Vision-Language Navigation requires agents to act coherently over long horizons by understanding not only local visual context but also how far they have advanced within a multi-step instruction. However, recent Vision-Language-Action models focus on direct action prediction and earlier progress methods predict numeric achievements; both overlook the monotonic co-progression property of the observation and instruction sequences. Building on this insight, Progress-Think introduces semantic progress reasoning, predicting instruction-style progress from visual observations to enable more accurate navigation. To achieve this without expensive annotations, we propose a three-stage framework. In the initial stage, Self-Aligned Progress Pretraining bootstraps a reasoning module via a novel differentiable alignment between visual history and instruction prefixes. Then, Progress-Guided Policy Pretraining injects learned progress states into the navigation context, guiding the policy toward consistent actions.

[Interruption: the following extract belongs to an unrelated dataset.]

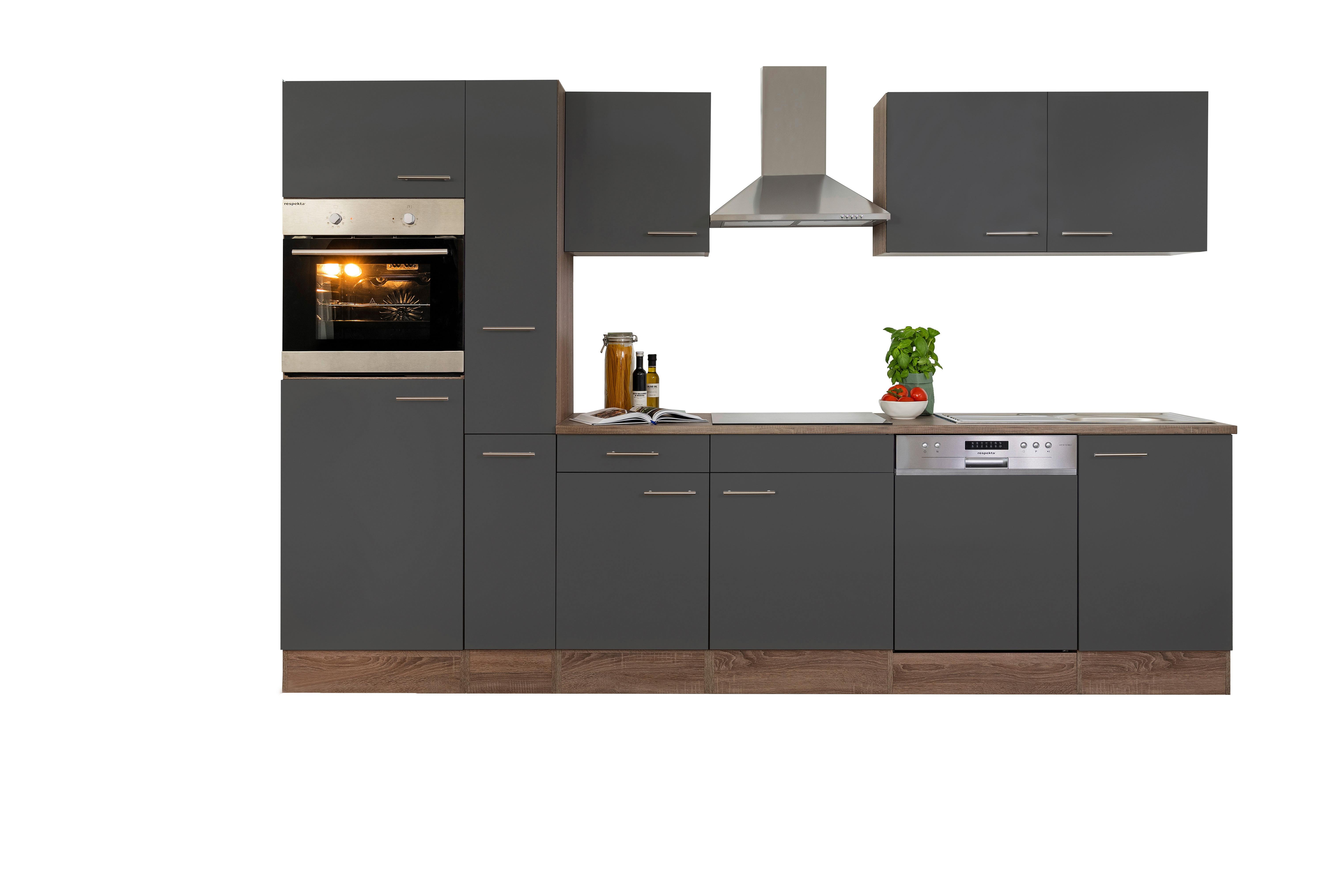 Küchenzeile Economy o. Geräte Grau/Eiche B: ca. 310 cm - Edelstahlfarben/Eichefarben, Basics, Holzwerkstoff/Metall (310cm) - Respekta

Finally, Progress-Policy Co-Finetuning jointly optimizes both modules with tailored progress-aware reinforcement objectives. Experiments on R2R-CE and RxR-CE show state-of-the-art success and efficiency, demonstrating that semantic progress yields a more consistent representation of navigation advancement.

Paper Structure

This paper contains 24 sections, 14 equations, 3 figures, 6 tables.

Figures (3)

  • Figure 1: Our key structural insight in VLN: visual observations and instruction semantics exhibit monotonic co-progression. As observations accumulate (top), the aligned instruction prefix extends monotonically over time (bottom), with later progress (red) consistently building on earlier progress (blue).
  • Figure 2: Overview of the Progress-Think framework and annotation-free training pipeline. Compared with the vanilla Vision-Language-Action (VLA) model, Progress-Think introduces a Progress Reasoning Module to infer task progress and guide action generation. The model is trained in three stages: (1) Self-Aligned Progress Pretraining for progress pretraining with $\mathcal{L}_{\mathrm{SAPP}}=\mathcal{L}_{\mathrm{prefix}}+\mathcal{L}_{\mathrm{mono}}$, (2) Progress-Guided Policy Pretraining with frozen progress reasoning and supervised policy loss $\mathcal{L}_{\mathrm{Policy}}$, and (3) Progress-Policy Co-Finetuning, which jointly optimizes reasoning and policy through GRPO over groups of $N$ rollouts, using the objective $\mathcal{L}_{\mathrm{PPCF}}$.
  • Figure 3: Qualitative comparison of progress reasoning quality. Across two representative scenes, we compare how different models infer navigation progress from historical observations. GPT-4o and NVILAliu2024nvila often produce generic or instruction-misaligned descriptions and occasionally exhibit hallucinations, limiting their usefulness for tracking progress and making it difficult for the agent to align its behavior with the intended navigation steps. Our ablated variants (without monotonic loss or without Progress-Policy Co-Finetuning) capture partial progress but tend to be less consistent and concrete, leading to incomplete guidance. In contrast, the full Progress-Think model produces concise, instruction-style reasoning that adheres closely to the task and accurately reflects the agent’s evolving progress, enabling more coherent and reliable navigation.